James Robinson <jamesr>

Component:

New Bugs

Assignee:

Nobody <webkit-unassigned>

Status:

RESOLVED FIXED

Severity:

Normal

CC:

commit-queue, fishd, yaar

Priority:

Version:

528+ (Nightly build)

Hardware:

All

OS:

All

Attachments:

Description	Flags
Fixes the bug by using WebNode::assign()	none

Description James Robinson 2010-01-21 16:04:30 PST

The following results in the refcount on 'foo' decreasing by one, when it should stay the same:

{
  WebNode n = foo;
  WebElement e = n.toElement<WebElement>();
}

This is because WebNode::toElement() does not increment the refcount on 'foo', but the WebElement destructor does decrement the refcount.

Comment 1 James Robinson 2010-01-21 16:07:57 PST

Created attachment 47155 [details]
Fixes the bug by using WebNode::assign()

I have to use the WebNode:: qualifier because some T's that are used in this function (like WebElement) define incompatible 1-arg versions of ::assign(), for example WebElement::assign(const WebElement& e).  This confuses visual studio terribly.  I'm not sure if this is an issue with the compiler, but we always want to use the WebNode::assign() version anyway.

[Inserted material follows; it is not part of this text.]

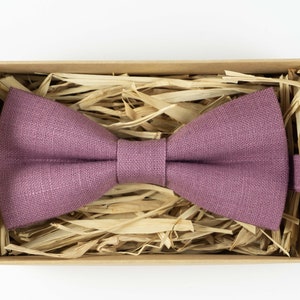 Handmade Linen Bow Tie: Purple Wedding Tie
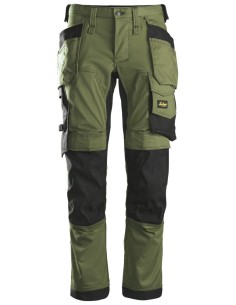 6241 Pantalones largos de trabajo elasticos AllroundWork Slim Fit con bolsillos flotantes color verde khaki/ negro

Comment 2 WebKit Commit Bot 2010-01-21 22:22:00 PST

Comment on attachment 47155 [details]
Fixes the bug by using WebNode::assign()

Clearing flags on attachment: 47155

Committed r53678: <http://trac.webkit.org/changeset/53678>

Comment 3 WebKit Commit Bot 2010-01-21 22:22:07 PST

All reviewed patches have been landed.  Closing bug.